# Shepherd's pie for 100?



## vloglady (May 8, 2002)

I'm trying to find a recipe for Shepherd's Pie for about 100. Or 50. The Angelfire link isn't working and I can't find one in the Growlies link.

Any other website I can check out? Thanks.

Susan
[email protected]


----------



## kimmie (Mar 13, 2001)

Hey good luck!

You will need lots of leftover roast beef!


----------



## vloglady (May 8, 2002)

I plan on using chopped meat, cookied with onions. Then add some cooked carrots and maybe some peas. How many pounds of potatoes should i make for the topping?
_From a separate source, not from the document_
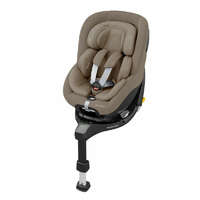 Maxi-Cosi Mica 360 Pro - SlideTech & Eco 40-105 cm, 0-4 év gyerekülés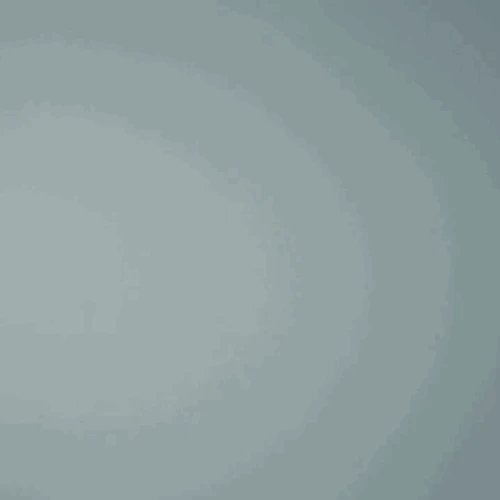 JwQYRb.webp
Maybe get a 20 pound bag and just see how much I need?

I have an enormous lasagna pan. Will make maybe some BBQ chicken and veggie rice.


----------



## kimmie (Mar 13, 2001)

You will need the full amount of potatoes, probably more.

Classic Shepherd's pie:

a layer of ground cooked roast beef (I grind raw or caramelized onions with the meat)
a layer of peas
a layer of creamed corn
a layer of mashed potatoes


----------



## vloglady (May 8, 2002)

I never thought of putting creamed corn in. I like it, thanks.


----------



## isa (Apr 4, 2000)

In Québec sheppard pie is actually called pate chinois, or Chinese pie. It is made with uncooked ground beef, cooked with onions topped with creamed corn and potato.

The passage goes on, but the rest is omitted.